The details are scanty in this AP news story, but Higgins, via her lawsuit, is claiming unfair collection practices. She alleges that Target, along with its law firm, Patenaude & Felix, are using false affidavits: “TNB–” that’s Target National Bank “–took the false and misleading affidavits and utilized them to secure judgments against hundreds, and perhaps thousands, of alleged debtors.”

If you’re of a legal bent, you can read the complaint here. Some highlights:

1. Higgins is alleging “emotional distress in the form of fear, anxiety, anger and stress.” I call this “my morning bus commute.”

2. Turns out, Vicki Higgins wasn’t the Vicki Higgins Target National Bank was looking for. When she received the letter saying she owed the debt, she wrote back “advising she did not have an account with Target National Bank or Target Department Store and requested documentary proof.”

3. And here’s where the trouble starts: When writing back, TNB asserted, “You represent to our office that the above-referenced debt from a revolving charge account with TARGET NATIONAL BANK was not incurred by yourself or anyone authorized by you.
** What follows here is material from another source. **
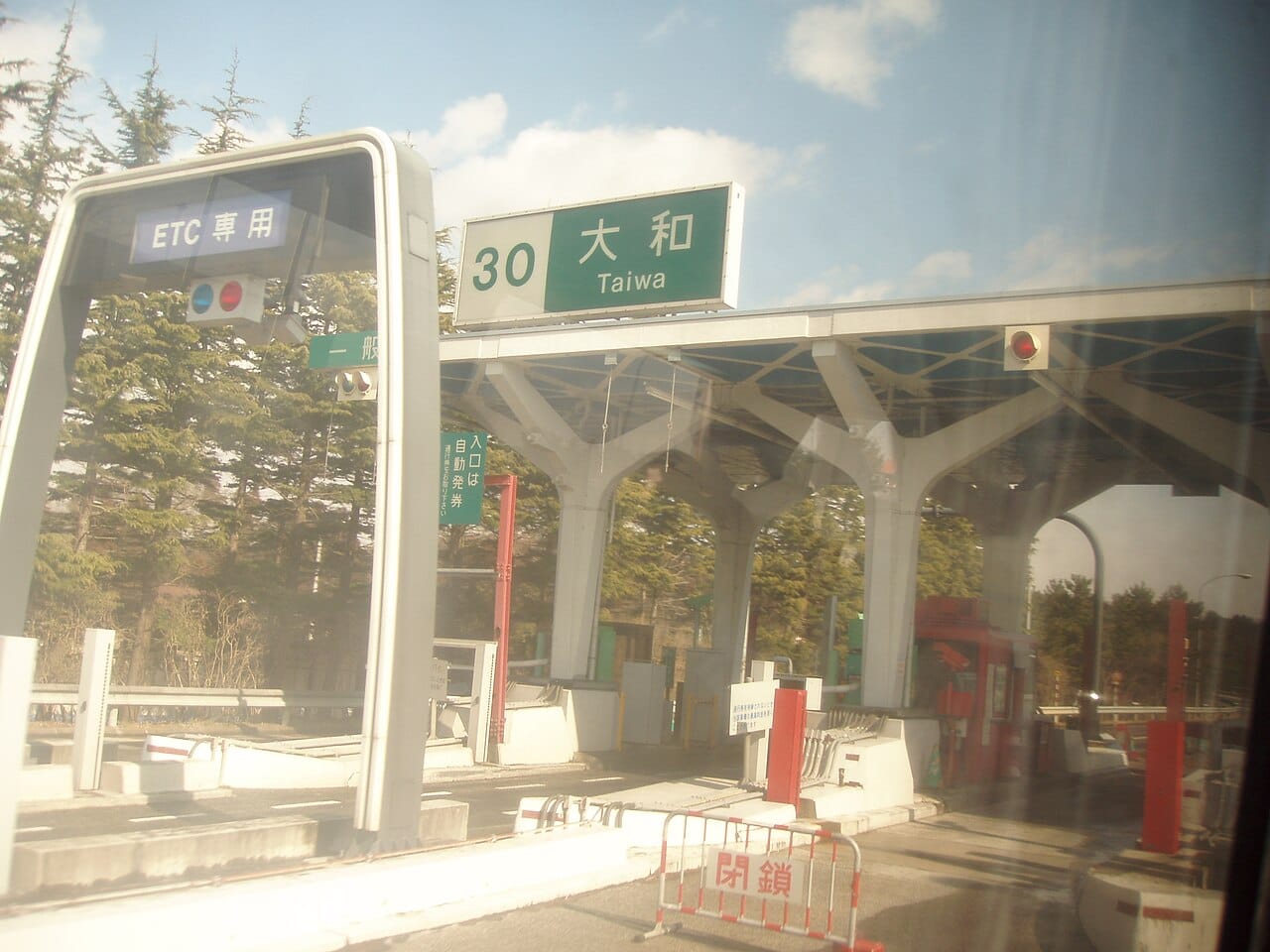 An ETC-only expressway toll gate in Japan with an overhead route sign
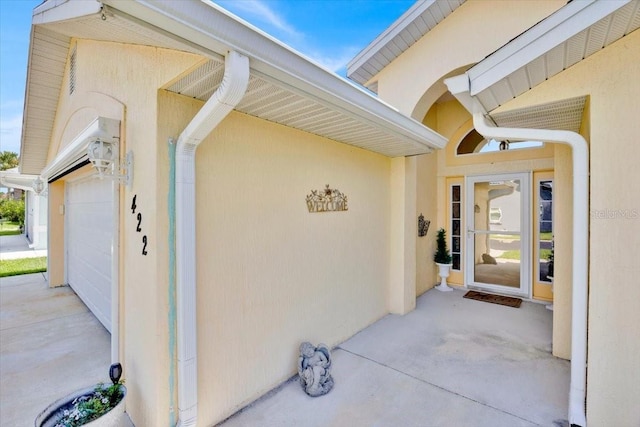 422 Harbourview Dr, Haines City, FL 33844 - view of exterior entry featuring stucco siding and a garage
Further, you represent that you never received a TARGET NATIONAL BANK credit card or a loan or check bearing account number 4352371726401160. Instead, you believe your identity was stolen and someone else applied for and used the revolving charge account with TARGET NATIONAL BANK.” Only that’s not what Higgins said at all. She never claimed her identity was stolen. She just said that she never had an account with TNB.

4. TNB also never sent Higgins any documentary proof of her past-due debt. In a later letter to TNB, Higgins writes, “I requested some type of confirmation that this account belonged to me. Now months later you sent me a copy of a past due bill from Target Visa that has my name and address on it. If the company puts my name and address on a past due bill at your request it doesn’t make me liable for the delinquency. I am contacting my attorney to find out if it was legal for you to do that.”

5. TNB proceeds — more than likely not out of any sense of malicious glee, regardless of how this will get spun in consumer circles — and, unfortunately for the bank, continues with the initial fiction that Higgins has alleged identity theft: something she never did. (This “identity theft” angle is something TNB is going to worry like a dog with a bone throughout the complaint.)

6. And here we are.

Back to #5 above: when dealing with anything high-volume, it is often easiest just to mechanize the whole process. I’m sure TNB deals with countless actual defaulters on a daily basis. Vicki Higgins’s case, though, shows one of the HUGE pitfalls to this kind of automation: any nuance for individual cases gets back-seated in order to keep the process machine running. The problem is, like Target’s discovering, when that machine breaks a little, it’s really going to end up breaking a lot.